Is there a strong correlation between comment length and comment quality?
Here are the top ten reddit comments from Feb of 2018, based on their character length multiplied by their votes.
E.g. the first comment has 5,144 characters with a vote of 42,457 so it had the highest rank of 218,398,808.
https://www.reddit.com/r/justneckbeardthings/comments/7wwyw5/neckbeard_crew/du4cbk5
https://www.reddit.com/r/news/comments/7xkstl/shooting_at_south_florida_high_school/du94nag
https://www.reddit.com/r/uwaterloo/comments/7w0dgv/dave_tompkins_is_overrated/dtwzhbz
https://www.reddit.com/r/AskReddit/comments/7vwkqg/hey_reddit_what_products_are_identical_to_a_brand/dtvtkzd
https://www.reddit.com/r/news/comments/80xs1v/china_bans_george_orwells_animal_farm_as_xi/duzfoko
https://www.reddit.com/r/NoStupidQuestions/comments/80h9bj/why_is_it_okay_to_cook_some_animals_alive_while/duvwgg8
https://www.reddit.com/r/AskReddit/comments/7xztxf/who_is_the_worst_person_youve_ever_met/ducsa86
https://www.reddit.com/r/AskReddit/comments/7zwebj/barbershairdressers_of_reddit_how_exactly_do_you/durco2m
https://www.reddit.com/r/AskReddit/comments/7wi1g8/what_concept_fucks_you_up_the_most/du13k9x
https://www.reddit.com/r/wifesharing/comments/7wa854/my_bf_is_looking_for_inspiration_what_would_you/duz0q9l
On the whole, there does seem to be a correlation between comment length and comment quality, especially when votes are factored in.
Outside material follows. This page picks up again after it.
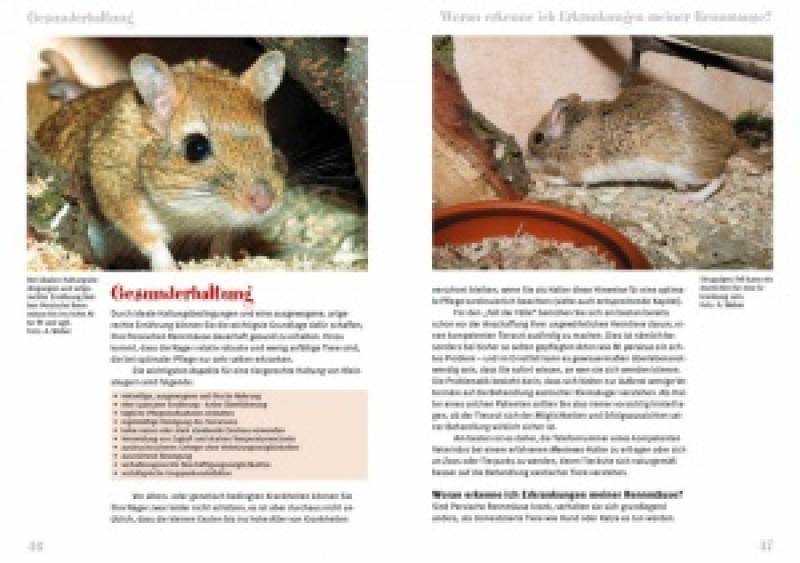 Preview: Die Persische Rennmaus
More details here:
No
I think you just proved yourself wrong :)
Length: 2 , score: 10
vs.
Length: 41, score: 2
hmm.
length: 52, score: 4
Now I don't even know what to think.
clickbait title aside, it feels like there's not enough information here to make the inference you seem to be making.
Why is there no evaluation of the shortest comments of that month? Or the medium/average length ones? Then you could compare the top ten of the three lists and see which has on average the higher scores. The math on the shortest would be easy enough to invert from how you're doing it now, and the medium length ones would need a little bit more work.. like ascertaining exactly what the average comment length is, and making any values above or below that count for less the farther away they are... so the ones which are closest to average length have the greatest multiplier against their karma score.
edit: or maybe I'm just not understanding what you're trying to convey.
edit2: and of course, as anyone who uses reddit should know, any voting scores do NOT cleanly correlate to quality. There may be some correlation, but generally speaking there are several major factors that influence how well a comment is scored which have nothing to do with their quality or usefulness.
It shows you can systematically identify the quality of comments by sorting comments based on the character length of the comment times the score of the comment.
I believe this would be a more optimal way for Reddit or Tildes to sort the comments within a thread.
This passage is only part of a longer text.